Batgirls #9 // Review
An old man zips up a duffel bag. There’s an arm sticking out of it. There’s an eye visibly peering out of the shadows from within. The eye is wide with apparent terror. Meanwhile, there are a few people looking to track him down. In the overwhelming heat of Batgirls #9, writers Becky Cloonan and Michael W. Conrad usher the team into a blisteringly hot summer in Gotham City with the aid of artist Neil Googe. Cloonan and Conrad bring a major subplot to the center of the panel in an issue that also takes time to advance the character development of all the characters in the central ensemble.
Everyone’s reacting to the heat in a different way. Babs is grabbing coffee with a friend before things get too hot. Cass is hanging out at the neighborhood bookstore. Steph is hanging out on the roof in an inflatable pool. Babs is concerned about her obsession with the neighbor as the potential Hill Ripper. It’s not healthy for her to be that interested in a single theory, is it? The temperature is climbing. Things are getting crazy. The KGBeast is on the loose. This is a good thing: after all they’ve been through lately, the Batgirls need an easy win. Things could get a lot worse before they get better on the other side of summer.
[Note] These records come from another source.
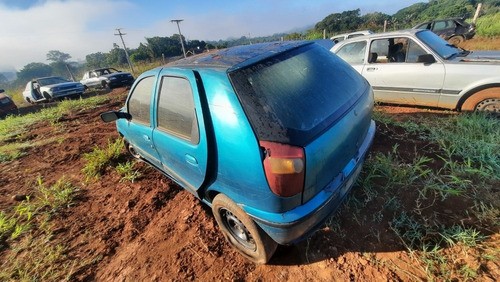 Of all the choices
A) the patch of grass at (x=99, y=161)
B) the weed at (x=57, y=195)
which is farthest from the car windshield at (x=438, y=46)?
the weed at (x=57, y=195)

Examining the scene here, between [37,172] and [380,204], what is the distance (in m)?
5.57

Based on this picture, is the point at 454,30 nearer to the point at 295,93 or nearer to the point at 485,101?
the point at 485,101

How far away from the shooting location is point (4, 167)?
4.93 metres

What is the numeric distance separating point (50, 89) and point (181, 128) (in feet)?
47.0

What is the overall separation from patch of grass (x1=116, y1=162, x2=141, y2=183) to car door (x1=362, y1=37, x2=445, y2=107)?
4579 mm

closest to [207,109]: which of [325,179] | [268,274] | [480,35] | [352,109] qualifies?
[325,179]

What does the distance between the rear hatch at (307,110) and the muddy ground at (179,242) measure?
71 centimetres

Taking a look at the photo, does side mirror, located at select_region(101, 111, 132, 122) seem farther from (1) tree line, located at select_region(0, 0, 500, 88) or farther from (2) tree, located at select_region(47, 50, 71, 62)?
(2) tree, located at select_region(47, 50, 71, 62)

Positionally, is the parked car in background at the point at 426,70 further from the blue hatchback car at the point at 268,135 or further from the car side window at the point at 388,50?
the blue hatchback car at the point at 268,135

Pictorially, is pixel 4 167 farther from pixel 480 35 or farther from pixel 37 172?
pixel 480 35

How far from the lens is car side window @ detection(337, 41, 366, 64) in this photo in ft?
16.3

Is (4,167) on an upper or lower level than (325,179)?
lower

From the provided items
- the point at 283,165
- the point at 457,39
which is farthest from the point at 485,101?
the point at 457,39

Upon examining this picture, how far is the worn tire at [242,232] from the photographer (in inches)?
72.1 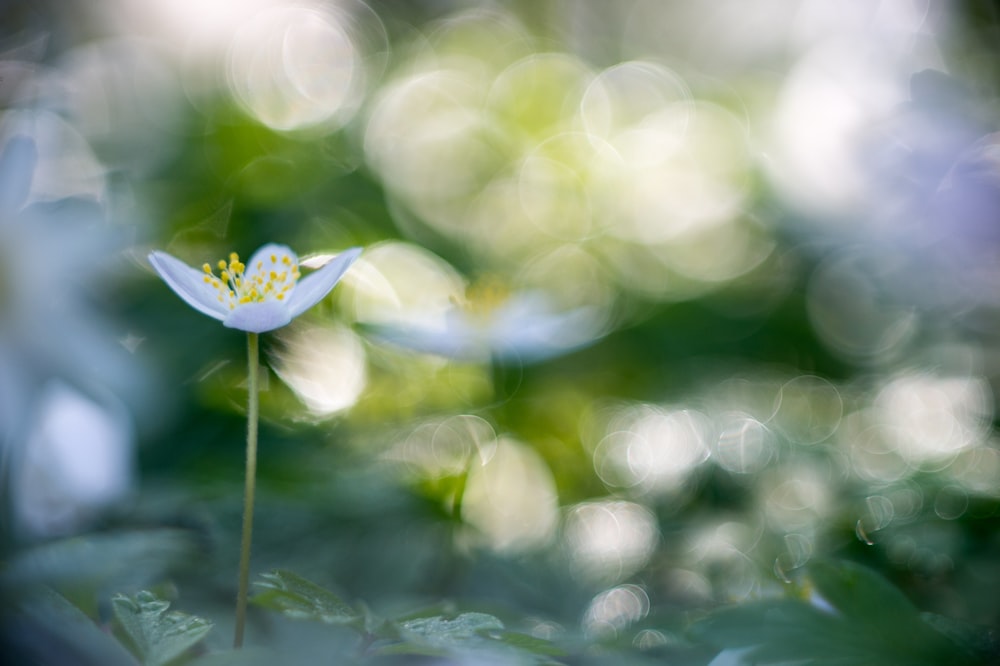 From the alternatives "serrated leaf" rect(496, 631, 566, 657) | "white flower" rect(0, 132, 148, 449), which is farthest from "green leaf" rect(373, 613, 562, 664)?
"white flower" rect(0, 132, 148, 449)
Conrad and Cloonan finally lower the subplot into place as Babs and the girls are given a bit more in the way of a life outside of the masks just in time for a seasonably sweltering issue. The writers chop up the narrative into more than a few tiny pieces that all seem to fit together with impressive precision. Each character is given some kind of time and space alone. A single issue featuring this many tiny moving pieces might have a tendency to feel a bit scattered, but Conrad and Cloonan bring it all together in a way that makes it feel remarkably fluid.
Googe amps up the rubbery cartoonishness of the visual without losing sight of the menace at the heart of a story about a very earthbound serial killer. It’s a dizzyingly segmented script that Conrad and Cloonan have passed along to Googe. He cleverly gives every individual setting its own distinct atmosphere without compromising the overall rhythm of the action. There’s a potential for darkness and grittiness in and around the edges of the central friendship at the heart of the issue. Googe’s time with the Hill Ripper picks up on this darkness with a vivid danger that splashes out of the page at well-timed moments in the narrative.
Nine issues in and the team finally gets something of an extended breather before barreling straight into the jaws of one of its darkest, most earthbound threats. Once again, Conrad, Cloonan, and company manage to balance an unsettling number of plot elements into a single, cohesive narrative that feels every bit as substantial as anything that any Gotham-based hero has managed in the past. The larger-than-normal bat ensemble adds a sense of community that embraces a much more satisfying bigger picture of Gotham City than what often finds its way into a single issue of ANY series.